Secondo Nomisma 2,7 milioni di italiani coltivano un orto sul balcone: una buona pratica. Ma l’inquinamento da polveri sottili è davvero preferibile ai pesticidi?
Sì
Gianluca Brivio Sforza, presidente Orticola Lombardia, promotore di Orticoltura urbana e MiColtivo.
“I risvolti positivi dell’orticultura nelle città sono numerosi: dare vita a polmoni verdi in metropoli industrializzate, recuperare aree degradate, abbandonate e inutilizzate, educare i cittadini alla coltivazione e alla corretta alimentazione. Inoltre, l’orto cittadino incrementa le occasioni di incontro tra le persone e garantisce piccole autosufficienze produttive. E’ possibile recuperare piante tradizionalmente prodotte sul nostro territorio e incentivare la vita all’aria aperta”. Ma coltivare verdure in città non comporta rischi per la salute?
“Le preoccupazioni si avvertono in merito alla ricaduta degli agenti inquinanti dovuti al traffico, ma hanno senso solo se l’orto è posizionato a pochi metri da una strada trafficata. Se si trova invece in aree sopraelevate, interne, o in zone distanti da intenso traffico, si può stare tranquilli. Dalle analisi svolte su orti situati in zone non a rischio è emerso che gli agenti inquinanti sono ben al di sotto dei parametri legali. Certo, bisogna sempre lavare accuratamente i nostri ortaggi per togliere le polveri sottili.

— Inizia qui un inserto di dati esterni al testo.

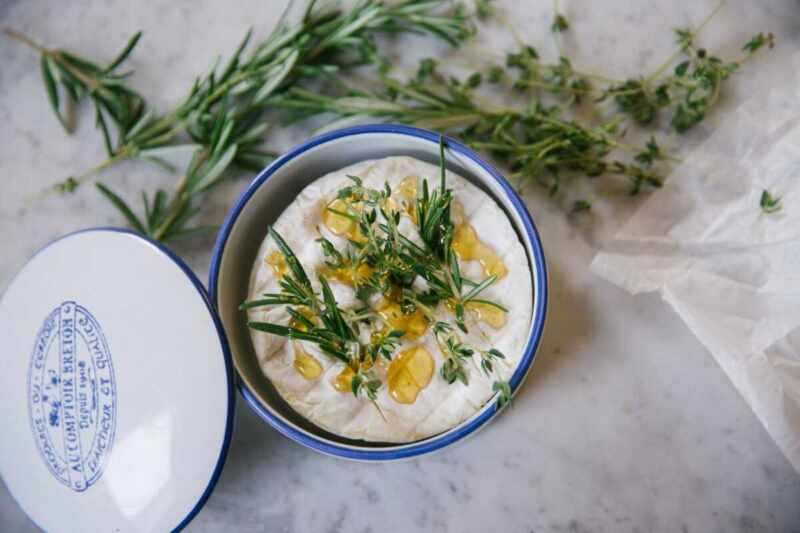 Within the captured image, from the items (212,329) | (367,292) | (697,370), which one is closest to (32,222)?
(212,329)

Visti gli indubbi aspetti positivi dell’orto in città, Orticola di Lombardia ha promosso Orticola Urbana, movimento per sensibilizzare l’opinione pubblica alla cultura dell’orto che prevede la realizzazione di progetti che coinvolgono cittadini e scuole da qui al 2015, col sostegno di partner interessati al tema dell’Expo: Feeding the planet, Energy for life”. A livello nazionale, l’Italia Nostra (associazione salvaguardia e conservazione ambiente e territorio), con l’Associazione dei comuni di Italia, sostiene la creazioni di orti urbani privati, scolastici, per anziani e in case circondariali, oltre a programmi di ortoterapia per diversamente abili.
No
Corrado Giannone, tecnologo alimentare, direttore Conal – Società di analisi e progettazione alimentare, agricolo e ambientale, lavora (anche) per Legambiente.

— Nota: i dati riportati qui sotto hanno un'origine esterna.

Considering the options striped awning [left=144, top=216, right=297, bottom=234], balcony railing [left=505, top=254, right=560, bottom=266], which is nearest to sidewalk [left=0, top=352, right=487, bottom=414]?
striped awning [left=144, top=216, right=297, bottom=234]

“Bisogna prima di tutto distinguere tra orti in piena terra, cioè quelli sui campi cittadini, spesso assegnati agli anziani, e coltivazioni su terrazzi e balconi. Nel primo caso bisogna conoscere la provenienza dell’acqua usata per annaffiare: se proveniente da rete fognaria va evitata perché ricca di batteri patogeni molto dannosi per la salute. Poi, verificare che nella zona prescelta non ci siano aziende chimiche che producono sostanze inquinanti, né discariche. Per chi coltiva verdure in vaso sul balcone o in terrazzo il rischio di inquinamento si riduce perché il terreno è più controllato e l’acqua di irrigazione proviene in genere dall’acquedotto, ma resta il problema dello smog e delle polveri sottili. Un altro pericolo è il fai-da-te nell’utilizzo di sostanze chimiche di cui non si conoscono effetti precisi o dosaggi: letame e terriccio sono meglio dei pesticidi che vengono inevitabilmente assorbiti da frutta e ortaggi”. Tesi rafforzata da Chiara Gallo Stampino, nutrizionista all’Istituto Clinico S:Ambrogio di Milano: “Non improvvisandovi agronomi usando concimi chimici e diserbanti. E per difendervi dalle polveri sottili lavate gli ortaggi con molta acqua (un volume 4 volte superiore a quello dei cibi da lavare) e bicarbonato, prestate attenzione alle verdure a foglia larga come spinaci e rucola, e sbucciate sempre la frutta (come anche i prodotti acquistati al supermercato, ndr). Per ovviare al problema delle piogge acide, che possono determinare un’alta concentrazione di nitrati, si può usare una serra. I cibi dell’orto sul balcone possono essere ottimi e salutari, ma senza le dovute attenzioni un rischio per la salute c’è”.